• INPUT FOR THIS TASK:

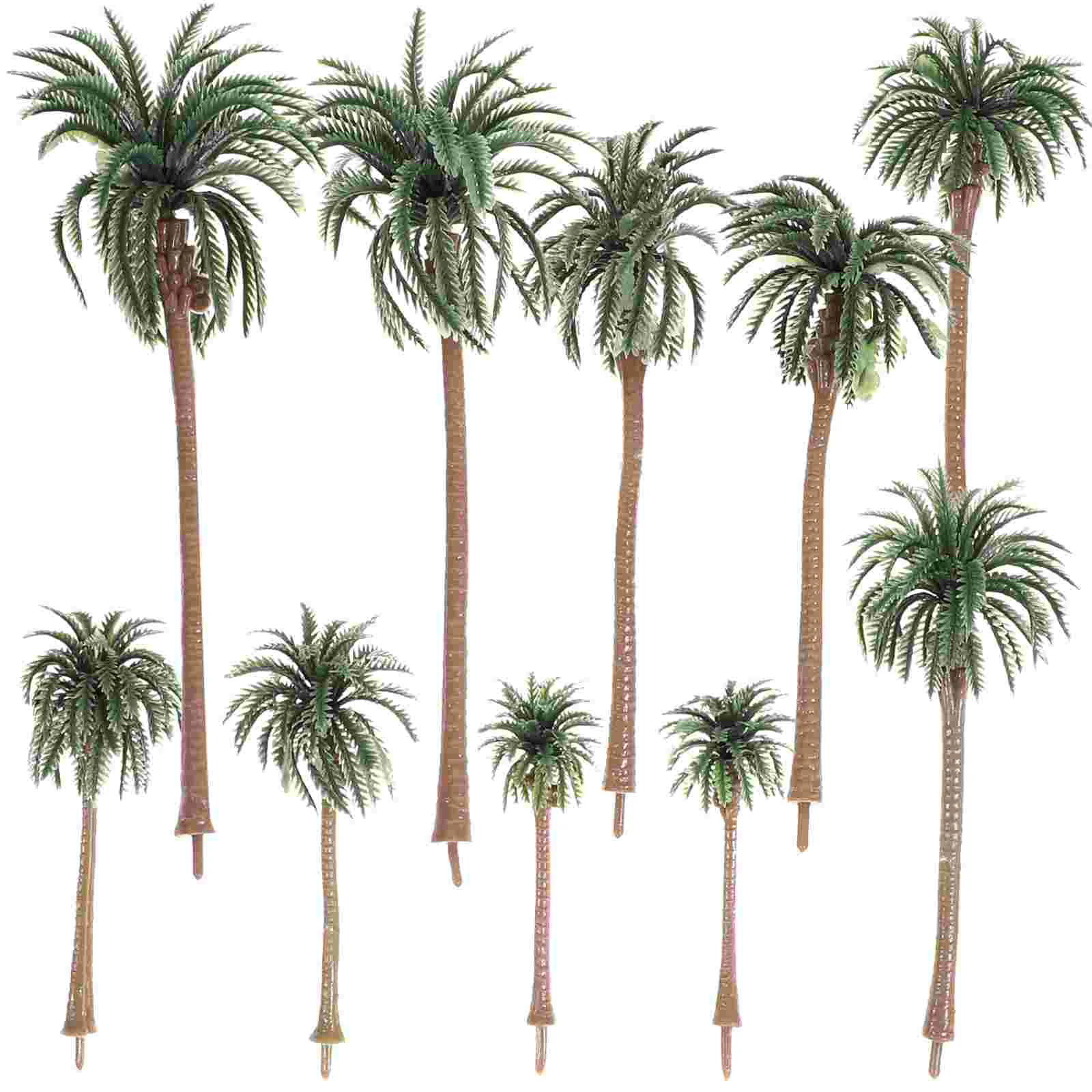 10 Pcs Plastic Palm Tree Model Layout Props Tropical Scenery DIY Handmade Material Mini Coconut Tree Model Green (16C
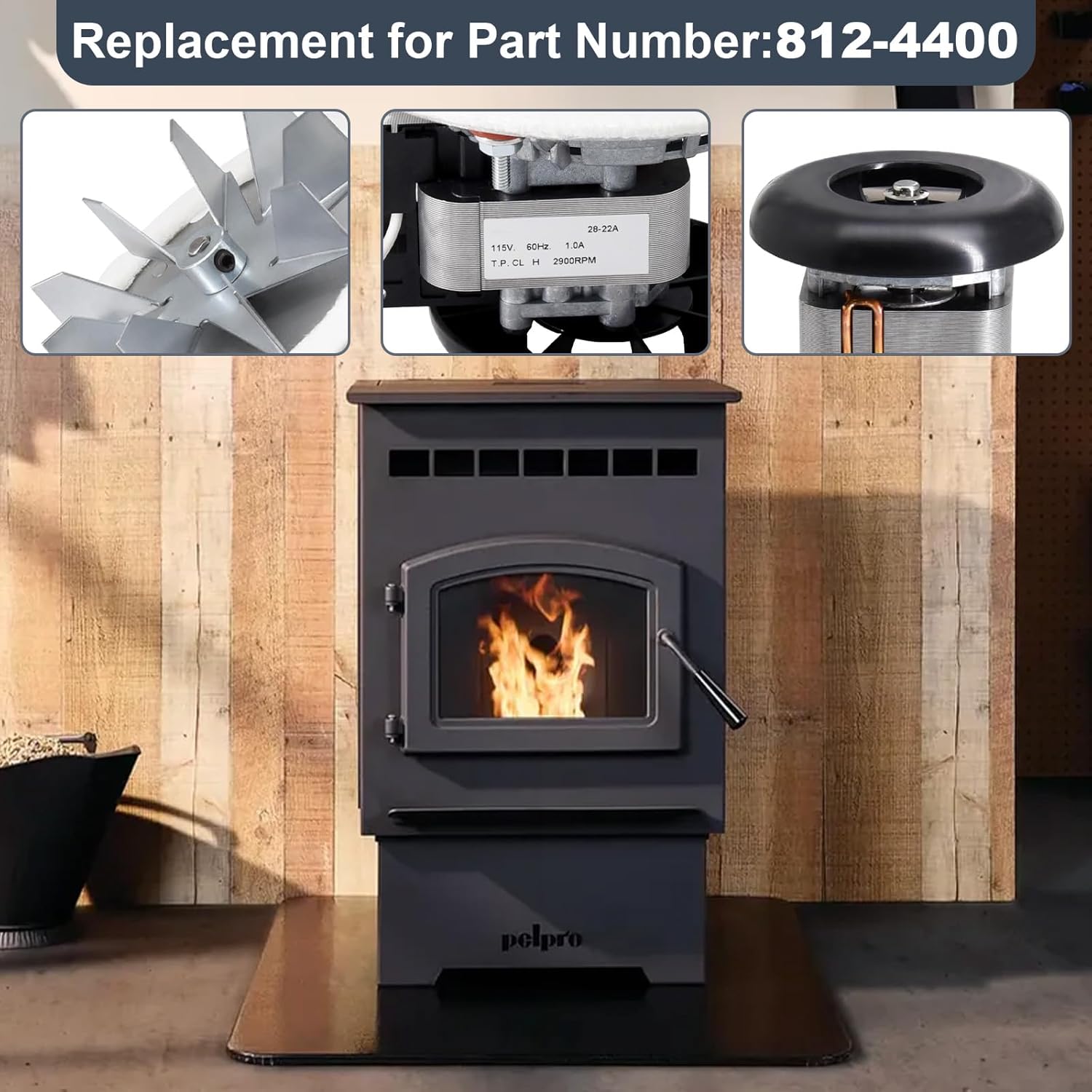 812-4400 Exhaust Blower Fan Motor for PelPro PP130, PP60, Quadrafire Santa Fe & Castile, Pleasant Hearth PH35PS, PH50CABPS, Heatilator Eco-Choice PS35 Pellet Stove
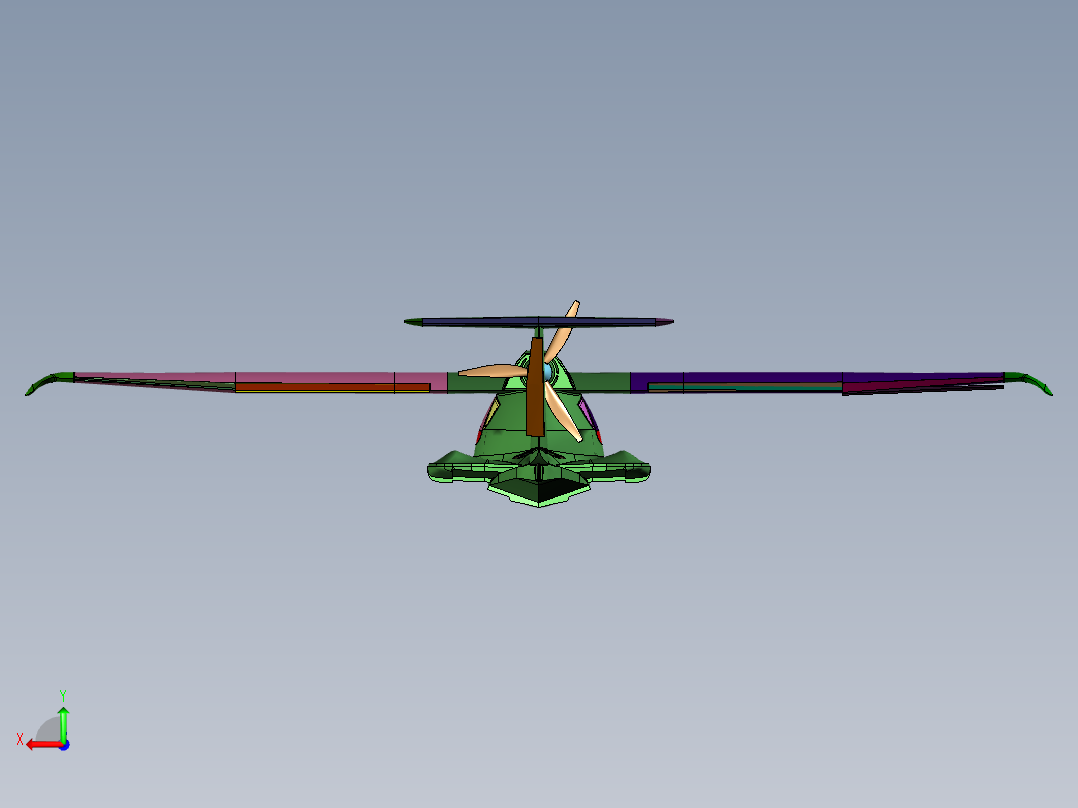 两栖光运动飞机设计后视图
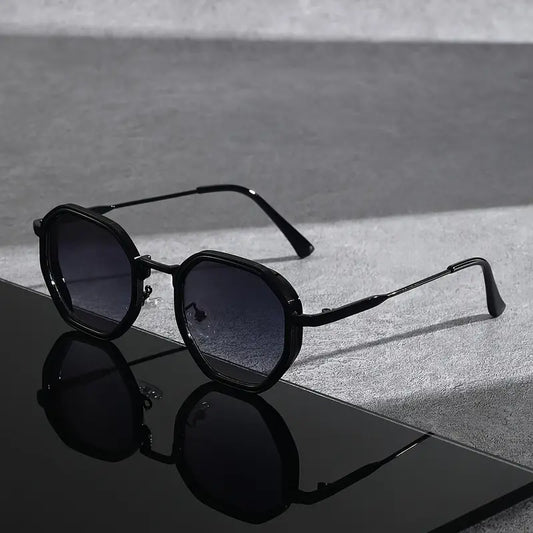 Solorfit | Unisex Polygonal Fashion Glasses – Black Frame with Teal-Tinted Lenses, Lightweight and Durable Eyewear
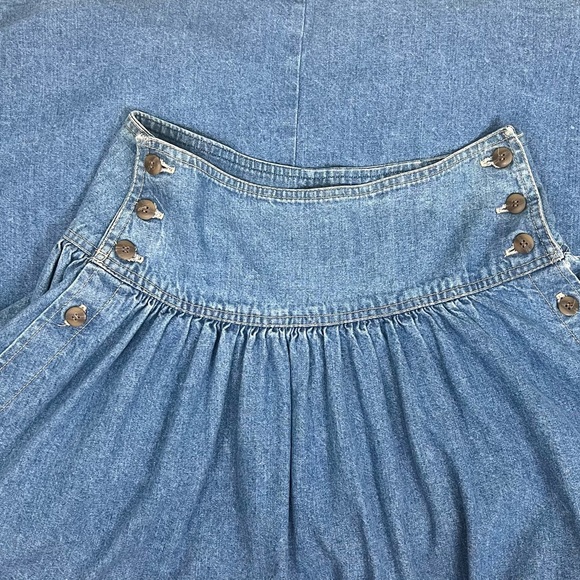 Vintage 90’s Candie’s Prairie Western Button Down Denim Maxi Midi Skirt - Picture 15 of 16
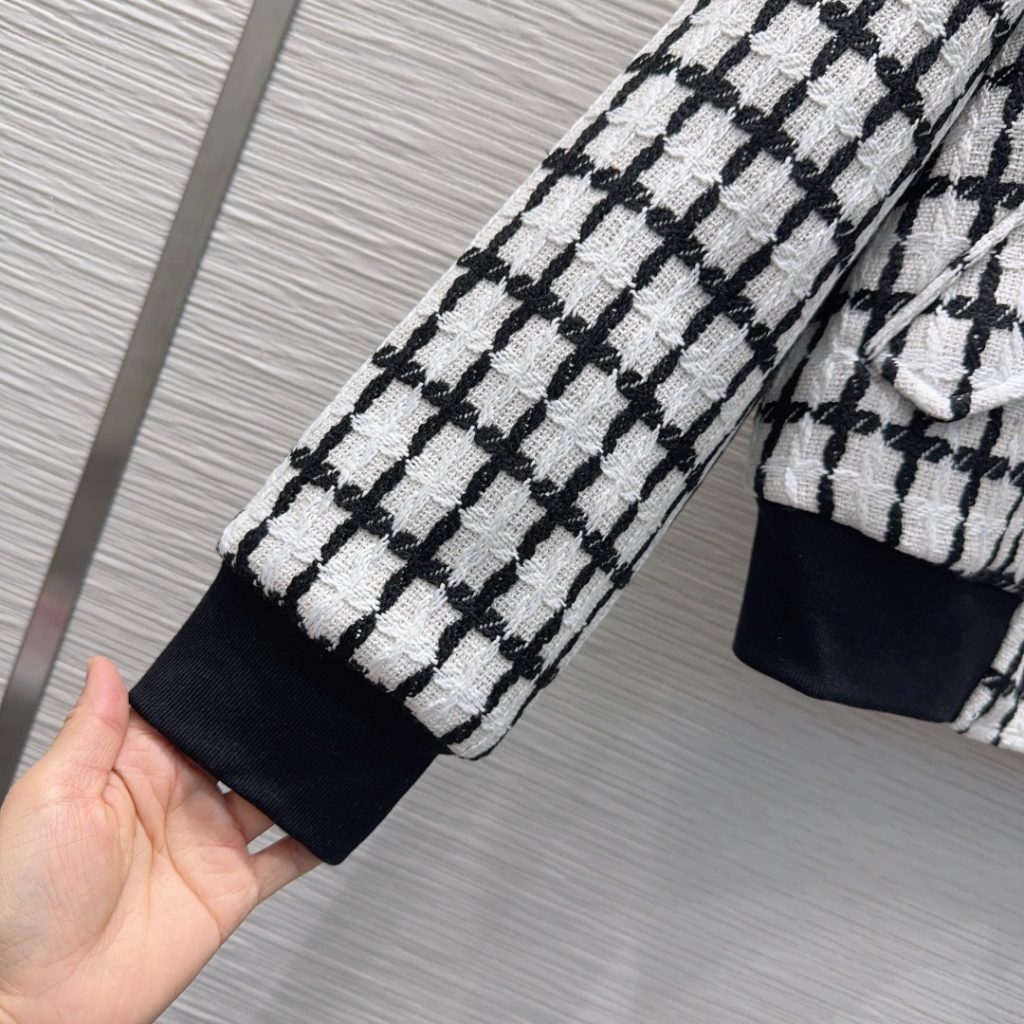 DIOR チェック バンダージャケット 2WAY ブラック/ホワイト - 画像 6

• PROBLEM DETAILS:
Your copy should consist only of the lines from the one containing "Vintage 90’s Candie’s" through the last line of the entries above, reproduced exactly, without pictures.

• RESULT OF THE EXERCISE:
 Vintage 90’s Candie’s Prairie Western Button Down Denim Maxi Midi Skirt - Picture 15 of 16
 DIOR チェック バンダージャケット 2WAY ブラック/ホワイト - 画像 6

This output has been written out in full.